Веки снова плотно сомкнулись. Но уголки губ чуть дрогнули, будто он попытался улыбнуться в ответ, да не нашёл сил. Значит, всё слышит Петруша и осознает. Так и есть — губы снова зашевелились.
— Я знаю... за что Бог... карает меня... за моё...
Еле слышимые слова угасли.
И через считанные секунды вдруг вспыхнули до крика:
— Уходи, Олесинька!.. Уходи!
Больной заметался в бреду.
Вера Михайловна с медсестрой вошли как раз вовремя. Подоспел, с чистым судном, и Гаркуша. Никогда ещё не стоило таких усилий обернуть командующего в мокрую простыню...
...Да чего же сладка солёная влага морских брызг!
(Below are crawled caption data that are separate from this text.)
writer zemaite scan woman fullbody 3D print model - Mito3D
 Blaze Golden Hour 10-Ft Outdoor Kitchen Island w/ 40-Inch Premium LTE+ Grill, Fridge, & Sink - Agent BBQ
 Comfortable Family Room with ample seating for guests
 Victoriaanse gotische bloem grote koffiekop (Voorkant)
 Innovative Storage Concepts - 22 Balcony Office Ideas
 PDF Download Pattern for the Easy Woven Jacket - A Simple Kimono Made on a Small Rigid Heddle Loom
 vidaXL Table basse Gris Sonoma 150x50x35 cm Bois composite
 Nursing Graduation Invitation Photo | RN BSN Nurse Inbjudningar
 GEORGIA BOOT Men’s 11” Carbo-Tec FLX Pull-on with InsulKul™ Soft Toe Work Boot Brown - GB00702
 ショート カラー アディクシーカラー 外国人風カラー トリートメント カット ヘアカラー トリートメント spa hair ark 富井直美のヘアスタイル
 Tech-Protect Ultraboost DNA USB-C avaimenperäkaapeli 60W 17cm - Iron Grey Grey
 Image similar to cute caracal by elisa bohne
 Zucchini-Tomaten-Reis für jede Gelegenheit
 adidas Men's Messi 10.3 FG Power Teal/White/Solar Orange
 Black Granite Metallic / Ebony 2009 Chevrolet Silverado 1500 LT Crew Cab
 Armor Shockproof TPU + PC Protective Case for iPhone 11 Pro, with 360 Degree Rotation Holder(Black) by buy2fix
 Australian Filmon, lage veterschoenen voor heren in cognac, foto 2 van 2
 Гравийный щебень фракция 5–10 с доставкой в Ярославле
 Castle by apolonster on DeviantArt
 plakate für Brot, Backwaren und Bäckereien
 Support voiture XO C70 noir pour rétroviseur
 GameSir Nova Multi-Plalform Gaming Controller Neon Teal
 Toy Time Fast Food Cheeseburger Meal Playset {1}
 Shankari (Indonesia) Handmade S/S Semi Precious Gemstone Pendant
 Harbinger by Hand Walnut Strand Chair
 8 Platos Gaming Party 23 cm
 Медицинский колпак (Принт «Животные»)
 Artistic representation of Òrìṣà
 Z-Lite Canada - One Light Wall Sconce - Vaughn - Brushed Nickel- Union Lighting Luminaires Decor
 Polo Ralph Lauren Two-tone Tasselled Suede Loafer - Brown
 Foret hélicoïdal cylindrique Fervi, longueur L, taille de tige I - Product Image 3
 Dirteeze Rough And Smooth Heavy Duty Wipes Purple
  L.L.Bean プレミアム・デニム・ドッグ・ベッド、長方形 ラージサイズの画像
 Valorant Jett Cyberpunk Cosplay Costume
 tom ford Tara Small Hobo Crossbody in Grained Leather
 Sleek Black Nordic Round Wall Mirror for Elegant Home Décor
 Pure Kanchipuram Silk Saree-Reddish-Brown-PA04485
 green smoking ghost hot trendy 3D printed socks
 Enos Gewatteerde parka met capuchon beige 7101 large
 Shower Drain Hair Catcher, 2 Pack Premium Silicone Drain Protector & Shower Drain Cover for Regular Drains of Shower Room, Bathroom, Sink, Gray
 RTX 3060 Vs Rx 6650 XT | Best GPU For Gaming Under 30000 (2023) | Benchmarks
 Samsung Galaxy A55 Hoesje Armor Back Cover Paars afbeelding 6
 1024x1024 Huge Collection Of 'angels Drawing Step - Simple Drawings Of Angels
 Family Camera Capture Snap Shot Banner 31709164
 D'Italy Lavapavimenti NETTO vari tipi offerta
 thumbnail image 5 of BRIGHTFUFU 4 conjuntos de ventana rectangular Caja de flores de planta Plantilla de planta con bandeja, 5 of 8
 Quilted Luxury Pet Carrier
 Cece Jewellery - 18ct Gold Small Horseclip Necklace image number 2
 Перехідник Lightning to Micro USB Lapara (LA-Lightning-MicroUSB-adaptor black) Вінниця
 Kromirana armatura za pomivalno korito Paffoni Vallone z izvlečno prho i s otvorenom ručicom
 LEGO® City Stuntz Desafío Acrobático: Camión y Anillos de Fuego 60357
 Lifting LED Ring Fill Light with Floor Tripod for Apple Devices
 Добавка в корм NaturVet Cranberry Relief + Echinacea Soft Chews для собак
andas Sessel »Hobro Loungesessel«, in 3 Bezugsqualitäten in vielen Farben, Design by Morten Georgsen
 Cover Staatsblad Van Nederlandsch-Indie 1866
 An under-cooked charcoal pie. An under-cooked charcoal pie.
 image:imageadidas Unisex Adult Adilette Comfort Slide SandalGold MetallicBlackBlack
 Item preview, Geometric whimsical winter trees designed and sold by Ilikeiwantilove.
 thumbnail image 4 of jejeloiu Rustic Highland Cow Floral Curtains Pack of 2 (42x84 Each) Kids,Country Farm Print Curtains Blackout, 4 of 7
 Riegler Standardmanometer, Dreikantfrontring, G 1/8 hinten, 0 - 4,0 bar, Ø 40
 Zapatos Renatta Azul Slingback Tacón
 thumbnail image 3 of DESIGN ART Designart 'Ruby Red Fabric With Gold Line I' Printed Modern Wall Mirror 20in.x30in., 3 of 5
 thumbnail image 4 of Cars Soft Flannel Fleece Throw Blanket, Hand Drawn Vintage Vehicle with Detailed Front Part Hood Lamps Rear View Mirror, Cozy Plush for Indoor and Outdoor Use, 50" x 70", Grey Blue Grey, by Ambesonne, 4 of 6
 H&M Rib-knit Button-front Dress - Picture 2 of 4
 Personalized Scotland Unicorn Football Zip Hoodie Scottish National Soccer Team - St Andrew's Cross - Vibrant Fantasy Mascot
И какое это блаженство — холодный ветер с моря... И бушующие волны, и сверкающие брызги, когда они вздымаются фонтаном, падают, разбиваются о мол и разлетаются во все стороны подобно шрапнели. Только не смертоносной, а оживляющей... Но тогда прочему тревога и страх кругом? И в шуме ветра, и в ударах волн, и в крике чаек... И что это за вопли звериные? Точно орда Мамаева кинулась на крепостную стену...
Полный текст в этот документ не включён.